Judge Jeffery found that Sakeagak's case presented three
of the aggravating factors listed in AS 12.55.155(c): (c)(5) (that
Sakeagak knew or reasonably should have known that his victim was
particularly vulnerable), (c)(8) (that Sakeagak had a history of
assaultive conduct), and (c)(18)(A) (that Sakeagak's crime was
committed against a person living in the same household). The judge
also noted that Sakeagak's murder of his wife had been the
culmination of a "continuum of domestic violence". Sakeagak had a
lengthy history of assaults upon his wife. Most of these assaults
were not prosecuted, but one incident (in which Sakeagak slammed his
wife's head against a door and then cut her arm with a hunting
knife) led to Sakeagak's conviction in 1992 for fourth-degree
assault. [Fn. 1]
Judge Jeffery concluded that, in fashioning Sakeagak's
sentence, he needed to stress the community's condemnation of
domestic violence. The judge concluded that Sakeagak had little
insight into his criminal behavior and that there was a substantial
danger that Sakeagak would resort to similar violence in any future
relationship. Judge Jeffery also noted that Sakeagak had a serious
and long-standing alcohol problem, a problem that Sakeagak had
failed to address despite several past opportunities.
Sakeagak does not seriously dispute any of this. He does
argue, however, that despite these aggravating circumstances there
is "nothing in the record" to indicate that he intended to kill his
wife when he assaulted her. The jury found otherwise; they
convicted Sakeagak of first-degree murder, which requires a finding
that Sakeagak intended to kill his wife. The record contains ample
evidence to support this finding.
Sakeagak argues that his crime is less aggravated than
some of the other first-degree murders that have been reviewed on
appeal. This is true. However, as explained above, a 99-year
sentence for first-degree murder will generally be upheld unless a
defendant shows that their offense is mitigated or that their
background is unusually favorable. Sakeagak has shown neither.

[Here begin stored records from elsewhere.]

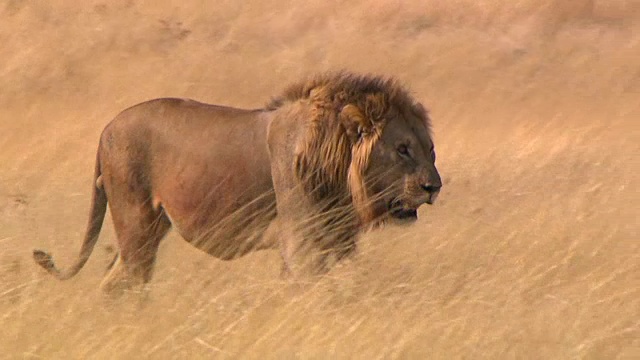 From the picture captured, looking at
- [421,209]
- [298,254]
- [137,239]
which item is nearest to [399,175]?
[298,254]

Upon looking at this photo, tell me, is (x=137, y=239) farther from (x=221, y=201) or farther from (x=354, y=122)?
(x=354, y=122)

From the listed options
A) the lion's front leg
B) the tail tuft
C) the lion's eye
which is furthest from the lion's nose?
the tail tuft

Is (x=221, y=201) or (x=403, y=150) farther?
(x=221, y=201)

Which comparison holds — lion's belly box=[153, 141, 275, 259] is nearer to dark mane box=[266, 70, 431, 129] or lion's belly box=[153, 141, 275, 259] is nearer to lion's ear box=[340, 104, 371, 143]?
dark mane box=[266, 70, 431, 129]

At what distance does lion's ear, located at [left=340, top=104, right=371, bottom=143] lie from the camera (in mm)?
6035

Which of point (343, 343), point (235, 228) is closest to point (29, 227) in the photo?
point (235, 228)

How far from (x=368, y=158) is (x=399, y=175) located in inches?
5.5

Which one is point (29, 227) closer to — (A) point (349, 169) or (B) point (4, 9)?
(A) point (349, 169)

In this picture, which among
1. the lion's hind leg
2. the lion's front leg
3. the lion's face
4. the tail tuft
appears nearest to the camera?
the lion's front leg

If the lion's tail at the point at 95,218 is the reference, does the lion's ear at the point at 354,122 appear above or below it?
above

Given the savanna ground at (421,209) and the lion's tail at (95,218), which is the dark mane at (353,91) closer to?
the savanna ground at (421,209)

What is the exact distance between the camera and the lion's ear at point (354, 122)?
604 centimetres

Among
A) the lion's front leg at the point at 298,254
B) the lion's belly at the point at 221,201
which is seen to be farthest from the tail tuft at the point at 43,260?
the lion's front leg at the point at 298,254

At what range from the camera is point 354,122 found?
19.9 ft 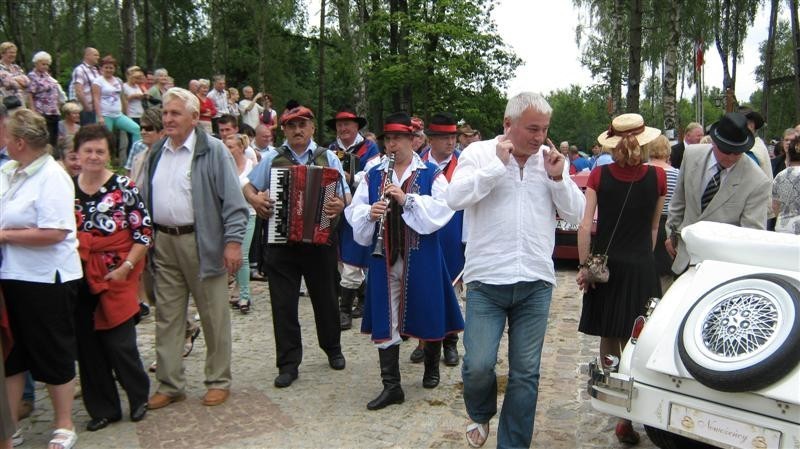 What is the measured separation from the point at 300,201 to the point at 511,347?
2.18 metres

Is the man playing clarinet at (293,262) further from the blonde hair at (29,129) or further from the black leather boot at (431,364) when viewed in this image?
the blonde hair at (29,129)

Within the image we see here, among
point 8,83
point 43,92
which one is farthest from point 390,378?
point 43,92

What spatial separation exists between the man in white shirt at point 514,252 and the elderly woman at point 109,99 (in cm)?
940

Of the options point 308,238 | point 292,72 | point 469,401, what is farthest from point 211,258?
point 292,72

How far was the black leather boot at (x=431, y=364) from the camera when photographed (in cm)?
538

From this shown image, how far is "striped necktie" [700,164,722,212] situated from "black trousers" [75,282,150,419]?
3.99m

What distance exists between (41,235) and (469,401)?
8.51ft

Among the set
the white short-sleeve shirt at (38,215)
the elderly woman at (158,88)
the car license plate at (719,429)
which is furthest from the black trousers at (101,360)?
the elderly woman at (158,88)

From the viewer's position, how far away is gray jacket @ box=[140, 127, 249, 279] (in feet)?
16.0

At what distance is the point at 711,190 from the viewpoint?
16.0ft

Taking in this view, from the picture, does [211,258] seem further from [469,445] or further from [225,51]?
[225,51]

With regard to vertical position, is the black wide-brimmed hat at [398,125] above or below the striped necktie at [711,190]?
above

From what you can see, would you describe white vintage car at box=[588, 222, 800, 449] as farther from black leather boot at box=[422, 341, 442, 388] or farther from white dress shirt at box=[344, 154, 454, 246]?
black leather boot at box=[422, 341, 442, 388]

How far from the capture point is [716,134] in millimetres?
4738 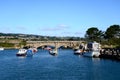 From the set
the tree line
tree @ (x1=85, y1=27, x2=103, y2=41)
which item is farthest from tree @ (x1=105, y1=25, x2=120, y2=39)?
tree @ (x1=85, y1=27, x2=103, y2=41)

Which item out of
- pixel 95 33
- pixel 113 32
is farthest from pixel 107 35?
pixel 95 33

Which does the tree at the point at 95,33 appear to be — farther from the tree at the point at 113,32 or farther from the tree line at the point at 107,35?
the tree at the point at 113,32

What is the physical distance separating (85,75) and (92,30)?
108m

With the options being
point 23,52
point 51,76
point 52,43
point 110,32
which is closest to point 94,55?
point 23,52

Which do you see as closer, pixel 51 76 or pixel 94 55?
pixel 51 76

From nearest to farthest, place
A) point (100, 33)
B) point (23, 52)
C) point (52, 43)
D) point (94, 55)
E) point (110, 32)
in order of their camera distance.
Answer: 1. point (94, 55)
2. point (23, 52)
3. point (110, 32)
4. point (100, 33)
5. point (52, 43)

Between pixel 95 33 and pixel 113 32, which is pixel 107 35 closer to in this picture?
pixel 113 32

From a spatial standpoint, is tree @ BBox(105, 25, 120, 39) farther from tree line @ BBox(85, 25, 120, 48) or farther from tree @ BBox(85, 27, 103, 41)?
tree @ BBox(85, 27, 103, 41)

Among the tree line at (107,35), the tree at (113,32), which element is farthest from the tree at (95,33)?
the tree at (113,32)

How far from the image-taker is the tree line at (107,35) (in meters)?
143

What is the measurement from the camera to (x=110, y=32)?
15175 cm

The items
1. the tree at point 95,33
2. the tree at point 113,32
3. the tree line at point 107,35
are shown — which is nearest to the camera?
the tree line at point 107,35

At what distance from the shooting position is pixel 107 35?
15562cm

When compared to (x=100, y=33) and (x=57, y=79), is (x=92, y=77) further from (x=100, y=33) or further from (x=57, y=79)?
(x=100, y=33) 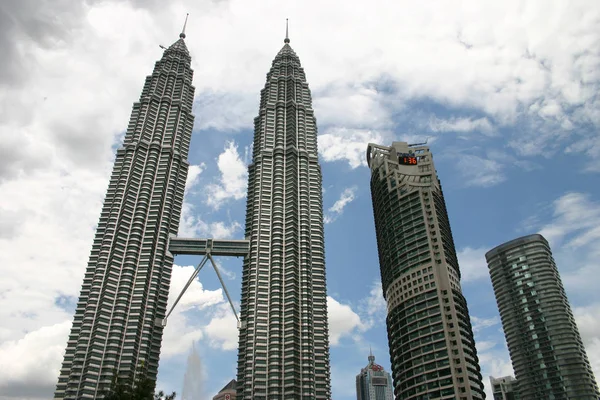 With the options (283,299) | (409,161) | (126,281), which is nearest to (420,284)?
(283,299)

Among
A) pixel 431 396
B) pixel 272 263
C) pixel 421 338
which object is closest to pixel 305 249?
pixel 272 263

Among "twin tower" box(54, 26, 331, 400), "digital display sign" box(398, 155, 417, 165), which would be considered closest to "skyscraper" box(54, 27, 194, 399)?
"twin tower" box(54, 26, 331, 400)

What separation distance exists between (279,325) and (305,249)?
30792 millimetres

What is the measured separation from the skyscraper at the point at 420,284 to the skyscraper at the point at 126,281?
7637 cm

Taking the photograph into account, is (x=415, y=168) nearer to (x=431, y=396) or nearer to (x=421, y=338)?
(x=421, y=338)

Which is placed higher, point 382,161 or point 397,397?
point 382,161

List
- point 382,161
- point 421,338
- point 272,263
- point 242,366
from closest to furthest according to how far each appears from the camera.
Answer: point 421,338 → point 242,366 → point 272,263 → point 382,161

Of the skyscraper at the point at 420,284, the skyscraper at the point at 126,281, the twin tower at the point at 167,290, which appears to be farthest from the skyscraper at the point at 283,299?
the skyscraper at the point at 126,281

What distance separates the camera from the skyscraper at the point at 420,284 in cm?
13238

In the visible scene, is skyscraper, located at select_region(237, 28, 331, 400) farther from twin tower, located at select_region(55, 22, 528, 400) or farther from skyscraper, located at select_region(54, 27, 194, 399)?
skyscraper, located at select_region(54, 27, 194, 399)

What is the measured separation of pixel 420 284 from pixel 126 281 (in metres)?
93.5

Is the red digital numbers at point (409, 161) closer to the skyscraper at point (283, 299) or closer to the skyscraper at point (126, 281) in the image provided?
the skyscraper at point (283, 299)

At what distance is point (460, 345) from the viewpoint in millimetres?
132500

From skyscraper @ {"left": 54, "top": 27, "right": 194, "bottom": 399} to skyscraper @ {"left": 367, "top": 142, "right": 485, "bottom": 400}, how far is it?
76366mm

Judge Jeffery found that Sakeagak's murder of his wife was
aggravated in two aspects: first, because it was an instance of
domestic violence; and second, because Sakeagak knew that his wife
was particularly vulnerable due to her intoxication. In addition,
Sakeagak's long-standing problem with alcohol and his prior assaults
on his wife both support a finding that Sakeagak's background is
unfavorable. For these reasons, we conclude that Sakeagak's 99-year
sentence is not clearly mistaken. McClain v. State, 519 P.2d 811,
813-14 (Alaska 1974).
Conclusion
The judgement of the superior court is AFFIRMED.
FOOTNOTES
Footnote 1:
Sakeagak also had a lengthy history of misdemeanor
convictions. These convictions included: driving while intoxicated
in 1985; third-degree theft and third-degree criminal mischief in
1988; another driving while intoxicated in 1990; a third driving
while intoxicated in 1992; and a second third-degree theft and a
fourth driving while intoxicated in 1994.